Yep (the 0x.tools author here). If you look into my code, you'll see that I'm not a good developer :-) But I have a decent understanding of Linux kernel flow and kernel/app interaction dynamics, thanks to many years of troubleshooting large (Oracle) database workloads. So I knew exactly what I wanted to measure and how, just had to learn the eBPF parts. That's why I picked BCC instead of libbpf as I was somewhat familiar with it already, but fully dynamic and "self-updating" libbpf loading approach is the goal for v3 (help appreciated!)

tptacek · on July 4, 2024

I was going to ask "why BCC" (BCC is super clunky) but you're way ahead of us. This is great work, thanks for posting it.

tanelpoder · on July 4, 2024

Yeah, I already see limitations, the last one was yesterday when I installed earlier Ubuntu versions to see how far back this can go - and even Ubuntu 22.04 didn't work out of the box, ended up with some BCC/kernel header mismatch issue [1] although the kernel itself supported it. A workaround was to download & compile the latest BCC yourself, but I don't want to go there as the customers/systems I work on wouldn't go there anyway.

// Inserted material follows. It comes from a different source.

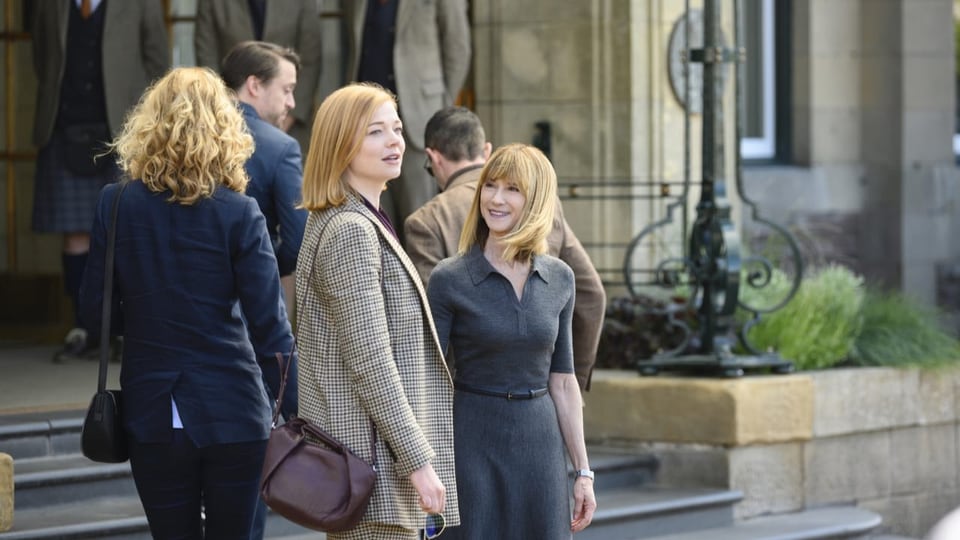 Zwei Frauen sprechen miteinander vor einer Kirche.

But libbpf with CO-RE will solve these issues as I understand, so as long as the kernel supports what you need, the CO-RE binary will work.

This raises another issue for me though, it's not easy, but easier, for enterprises to download and run a single python + single C source file (with <500 code lines to review) than a compiled CO-RE binary, but my long term plan/hope is that I (we) get the RedHats and AWSes of this world to just provide the eventual mature release as a standard package.

[1] https://github.com/iovisor/bcc/issues/3993

mgaunard · on July 3, 2024

Myself I've only built simple things, like tracing sched switch events for certain threads, and killing the process if they happen (specifically designed as a safety for pinned threads).

tanelpoder · on July 3, 2024

Same here, until now. I built the earlier xcapture v1 (also in the repo) about 5 years ago and it just samples various /proc/PID/task/TID pseudofiles regularly, it also allows you get pretty far with the thread-level activity measurement approach, especially when combined with always-on low frequency on-CPU sampling with perf.

tptacek · on July 3, 2024

XDP, in its intended configuration, passes pointers to packets still on the driver DMA rings (or whatever) directly to BPF code, which can modify packets and forward them to other devices, bypassing the kernel stack completely. You can XDP_PASS a packet if you'd like it to hit the kernel, creating an skbuff, and bouncing it through all the kernel's network stack code, but the idea is that you don't want to do that; if you do, just use TC BPF, which is equivalently powerful and more flexible.

mgaunard · on July 4, 2024

Yes for XDP there is a dedicated API, but for any of the other hooks like tracepoints, it's all designed to give you read-only access.

The whole CO-RE thing is about having a kernel-version-agnostic way of reading fields from kernel data structures.

tptacek · on July 4, 2024

Right, I'm just pushing back on the DPDK thing.

mgaunard · on July 5, 2024

DPDK polls the hardware directly from userland.

XDP reads the data in the normal NAPI kernel way, integrating with the IRQ system etc., which might or might not be desirable depending on your use case.

Then if you want to forward it to userland, you still need to write the data to a ring buffer, with your userland process polling it, at which point it's more akin to using io_uring.

It's mostly useful if you can write your entire logic in your eBPF program without going through userland, so it's nice for various tracing applications, filters or security checks, but that's about it as far as I can tell.